会社のホームページをつくってほしいという依頼のヒアリングをしていて、そういえばロゴがないからロゴもつくってください、みたいに広がったり、新しい商品のネーミング提案からご依頼いただいたり、デザイン単体以外にも幅広くご相談をいただくことが多いです。

-お仕事をするうえで気をつけているのはどんなことですか?

鶴見さん
まずは相手の話をよく聞くことですね。
デザイナーに発注するのは初めてというお客様も多いので、こちらからいろいろ質問して案件の整理をすることで、よりよい提案ができるように心がけています。

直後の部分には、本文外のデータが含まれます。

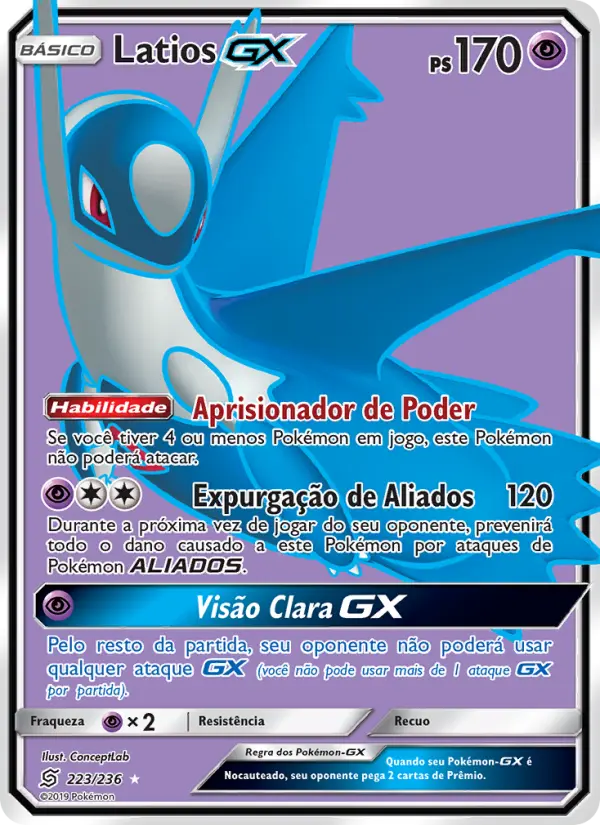 Carta Latios GX, número 223/236 da coleção Sintonia Mental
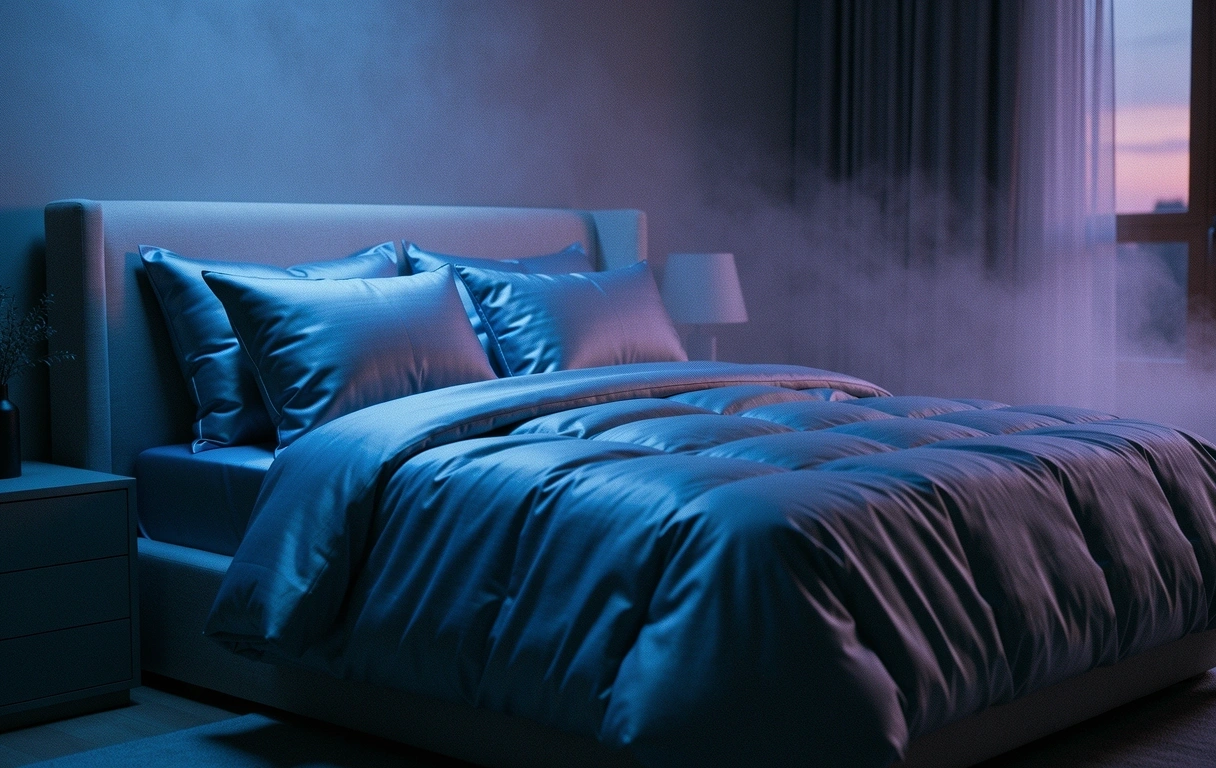 Sanftes Nachtlicht in einem ruhigen Schlafzimmer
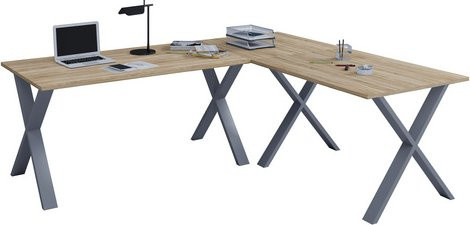 VCM Eckschreibtisch Lona in braun mit Holzstruktur-Nachbildung, B/T/H: 160 x 50 x 76 cm - Bild 1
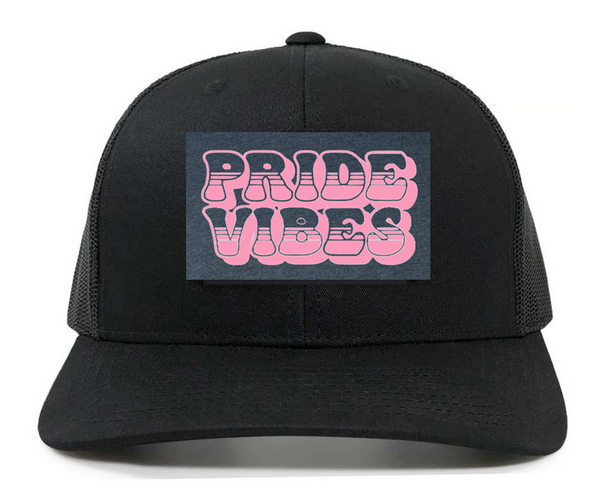 Pride Vibes Patch on Retro Trucker Patch Hat By Snapback - Black
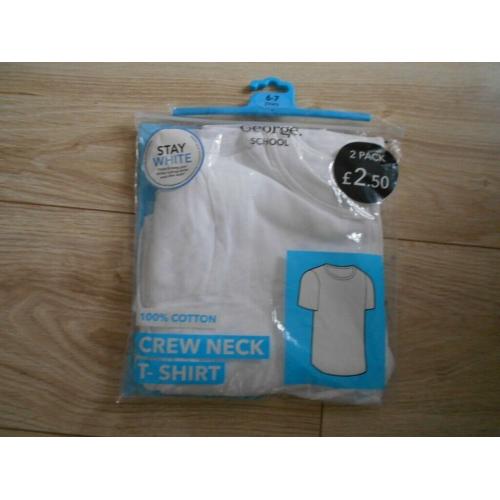 ***NEW*** 2 X WHITE T-SHIRTS SIZE 6-7 YEARS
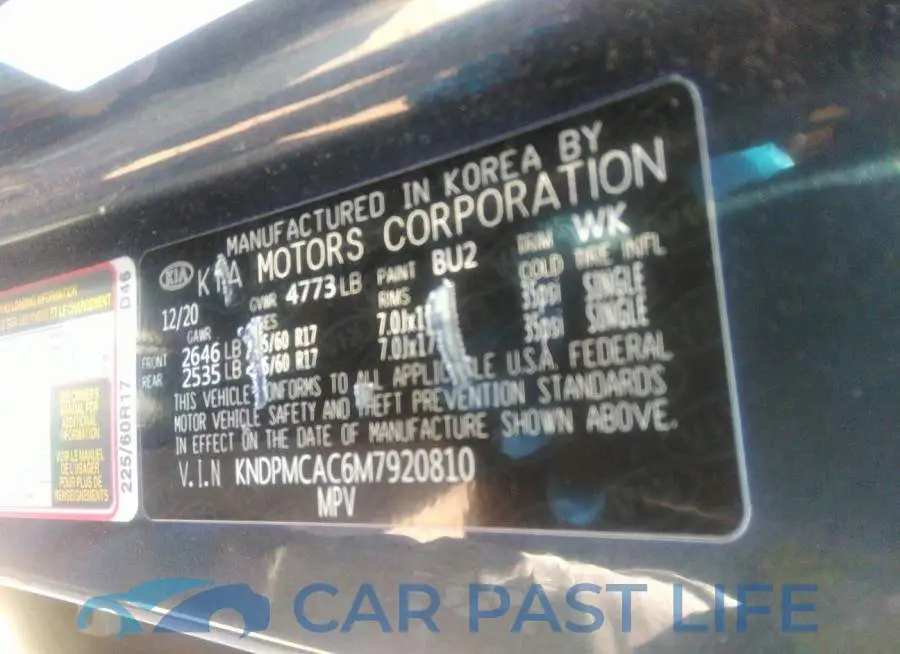 KNDPMCAC6M7920810# 9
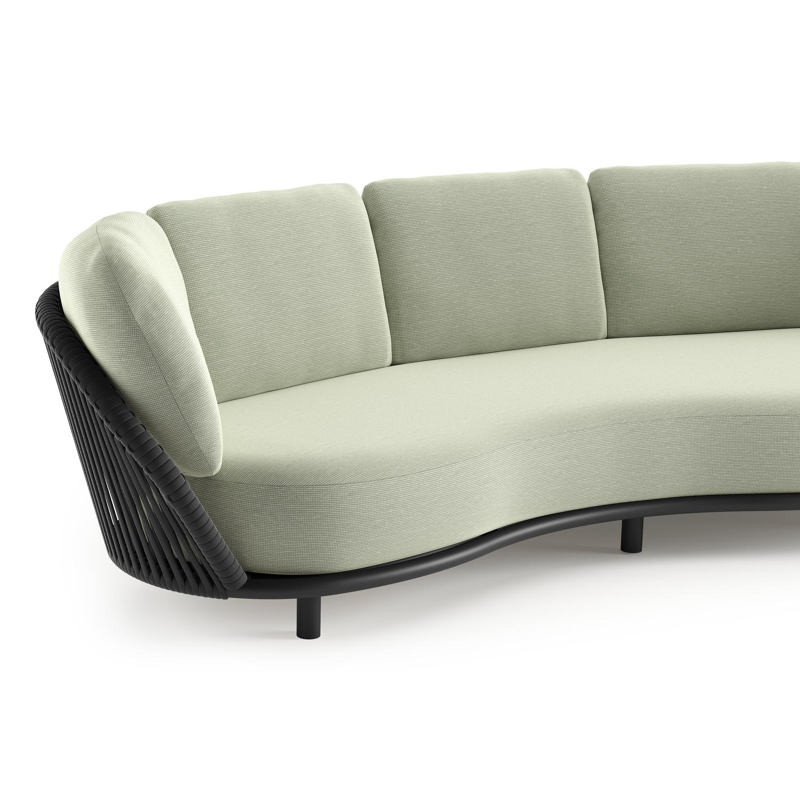 Lupino loungeset in zwart aluminium en zwart verticaal geweven luxe vlakke brede rope met slow spirea all weather sunbrella® luxe kussen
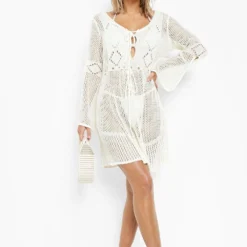 BOOHOO Robe Courte De Plage En Crochet à Découpes -Pas Cher Vêtue Diva Magasin szz01198 off20white xl 2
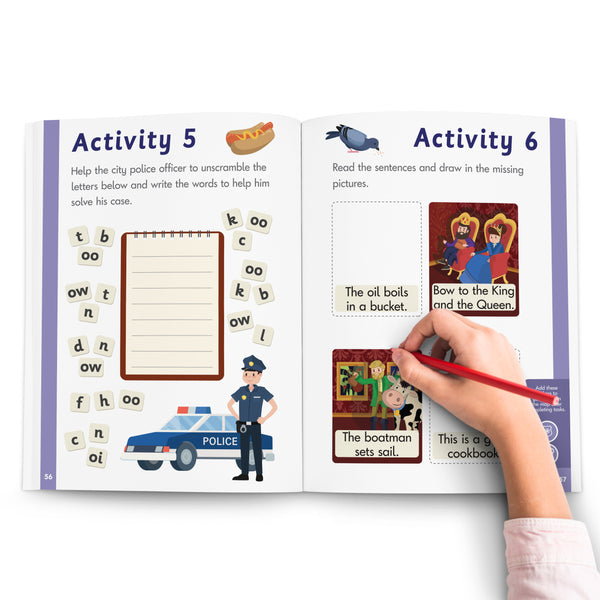 Junior Learning BB120 Phase 3 Phonics Workbook sample page
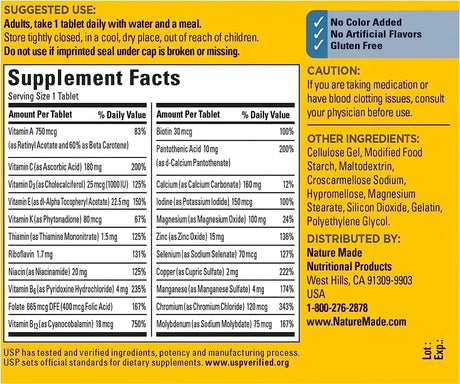 NATURE MADE - Nature Made Multivitamin For Him with No Iron 90 Tabletas - The Red Vitamin MX - Suplementos Alimenticios - {{ shop.shopifyCountryName }}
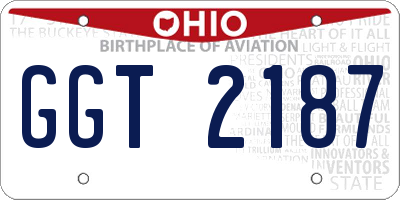 OH license plate GGT2187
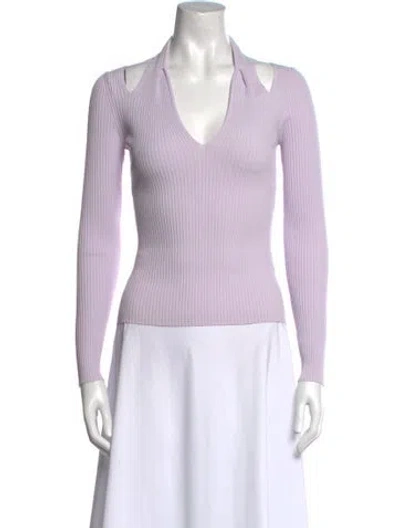 Pre-owned A.l.c V-neck Long Sleeve Top In Purple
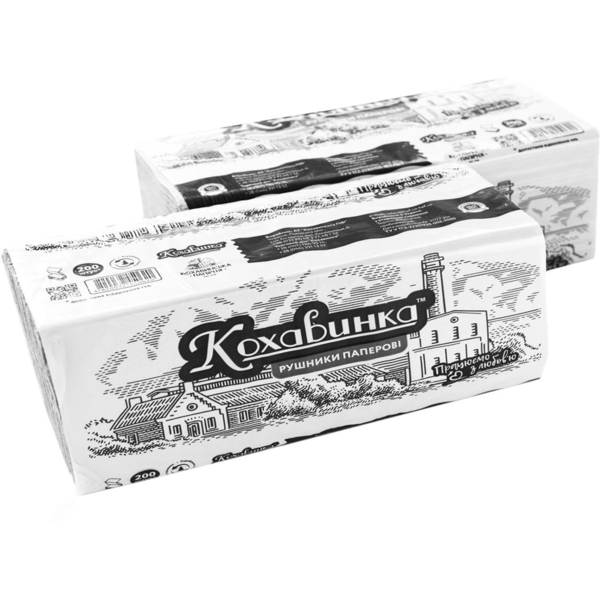 Паперові рушники Кохавинка одношарові, 200 аркушів, сірий - Pampik - 2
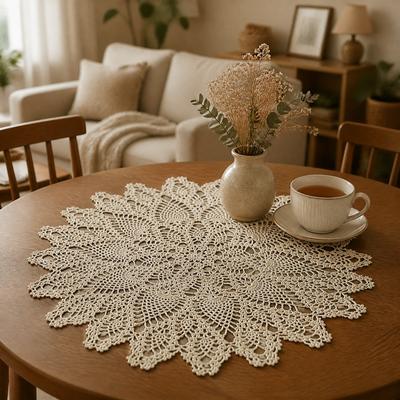 Vintage Hålstickad Virkad Duk Rund Bomull Handstickad Duk 60cm Handgjord Bordsunderlägg Gård Bröllop Hem Bordsduk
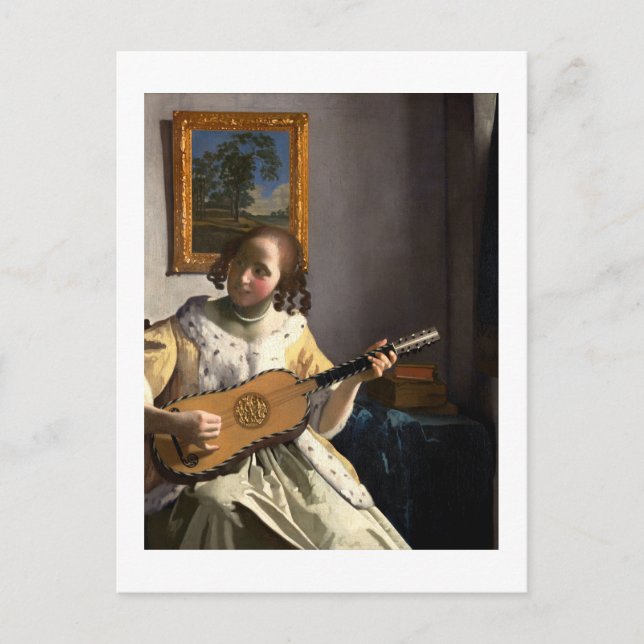 Carte Postale Le Guitare de Johannes Vermeer (Devant)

普段から、人と話すときには自然と聞き役に回ることが多いんですよ。
お客様からも「鶴見さんには相談しやすいです」と言っていただくことが多くて、そこは自分の長所なのかな、と感じています。

-たしかに、鶴見さんには相談しやすいです!

鶴見さん
ありがとうございます(笑)。
しっかりヒアリングしたうえで、次はとにかく勉強します。
その企業やサービスのことを調べたり、同業他社の制作物をリサーチしたり。
常にいい意味での素人意識を持つようにしています。


こうした姿勢が評価していただけているのか、おかげさまでお客様の7割以上は、リピーターとしておつきあいが続いています。

▼鶴見さんのデザインプロダクション SpearMint[スペアミント]の制作事例

強い目的があったからフリーランスになれた

-フリーランスとして活躍するためにはどんなことが必要だと思いますか?

鶴見さん
私の場合は、地元に帰りたいという目的がはっきりしていたから独立できたと思っています。
地元には、印刷会社はあるけれどデザイン会社はない。
でもせっかくデザイナーとして頑張ってきたんだからデザイナーとして生きていきたいと思ったときに、だったら自分でやるしかない、と。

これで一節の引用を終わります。